=== Task directions ===
Please repeat, exactly as written, every line from the one containing "a collage of" through the last line of the records, both included, and leave out any pictures.

=== Records for the exercise ===
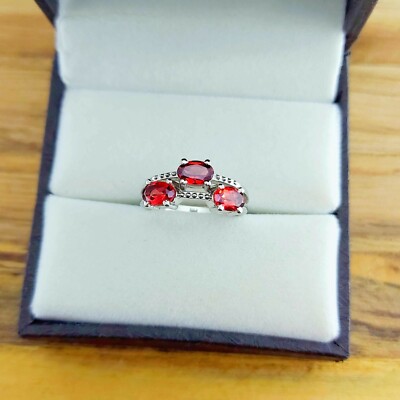 Natural Garnet Ring Handmade Statement 925 sterling silver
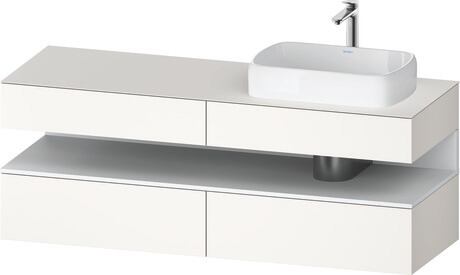 Console vanity unit wall-mounted, QA4778018846010 Front: White Super Matt, Decor, Corpus: White Super Matt, Decor, Console: White Super Matt, Lacquer, Niche lighting Integrated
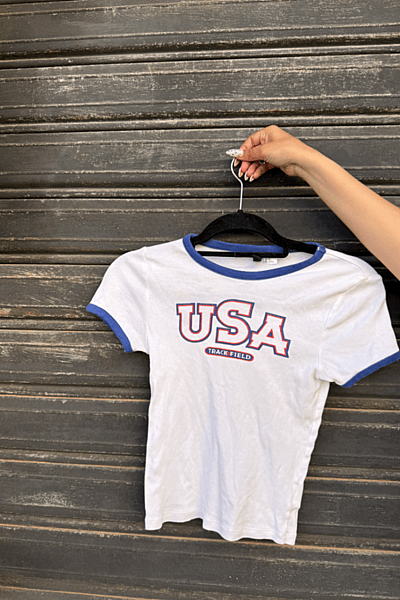 USA Track Field Ringer Tee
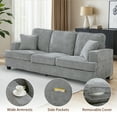 thumbnail image 6 of Korser 89" Chenille Sofa 3 Seater Couch with Extra Upholstered Deep Seats for Living Room,Removable Cover,Assembly Required,Pewter, 6 of 8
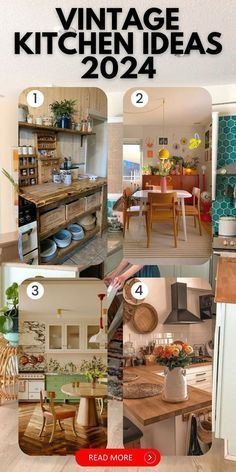 a collage of photos showing kitchen and dining rooms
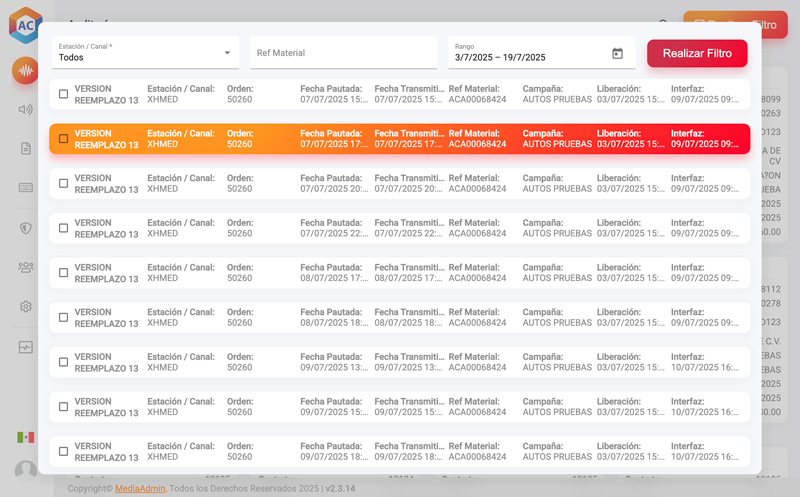 Registro de Ordenes en MediaAdmin®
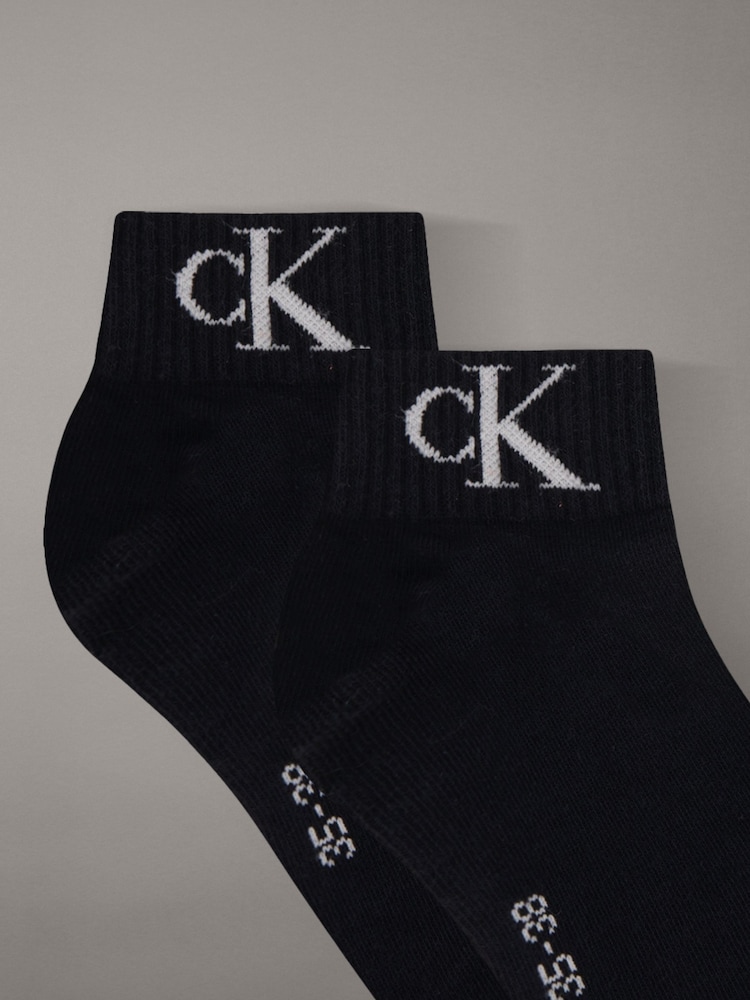 Calvin Klein Black Soft Cotton Stretch Ankle Socks 2 Pack - Image 2 of 2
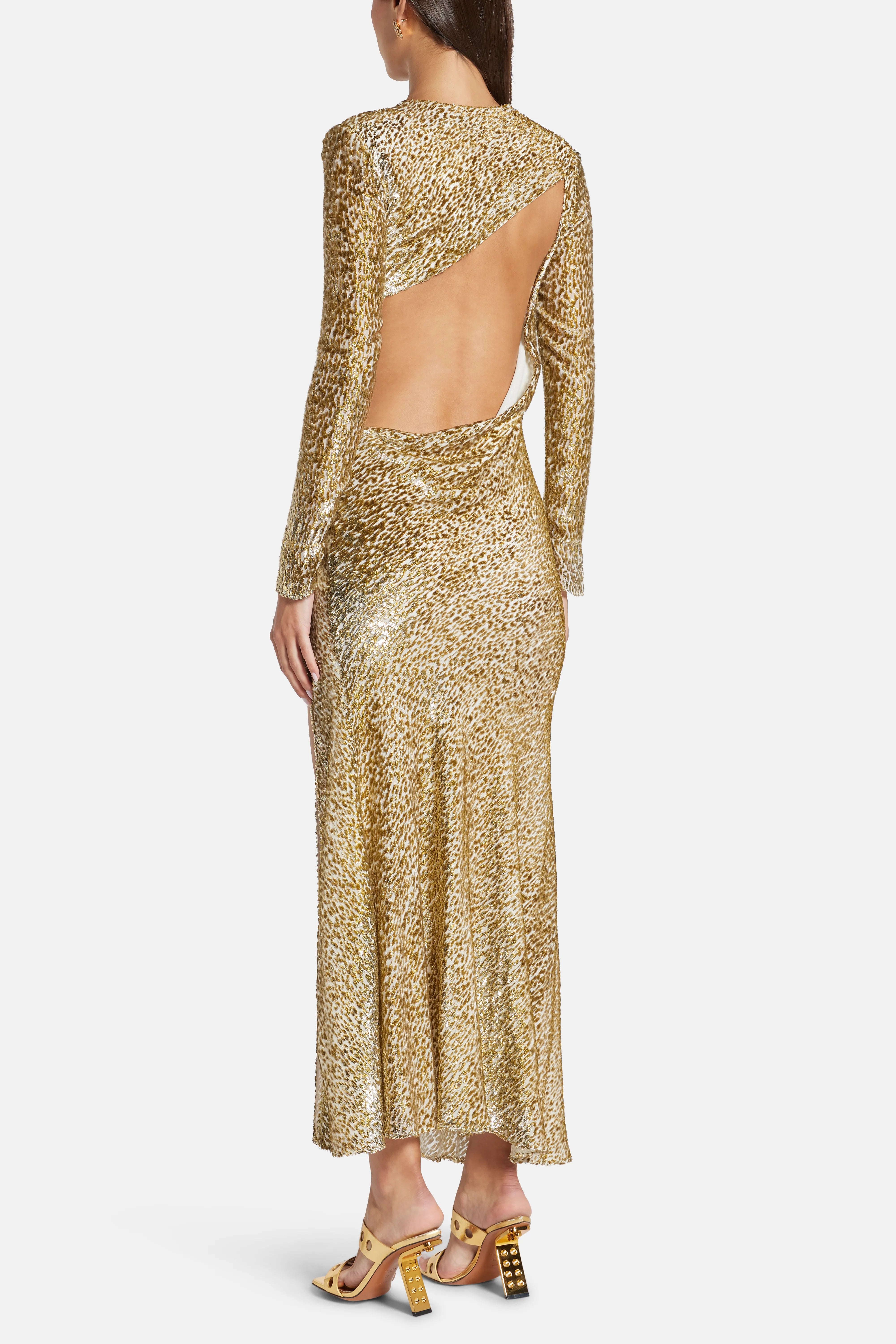 Fil Coupe Evening Dress in Gold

=== Task answer ===
 a collage of photos showing kitchen and dining rooms
 Registro de Ordenes en MediaAdmin®
 Calvin Klein Black Soft Cotton Stretch Ankle Socks 2 Pack - Image 2 of 2
 Fil Coupe Evening Dress in Gold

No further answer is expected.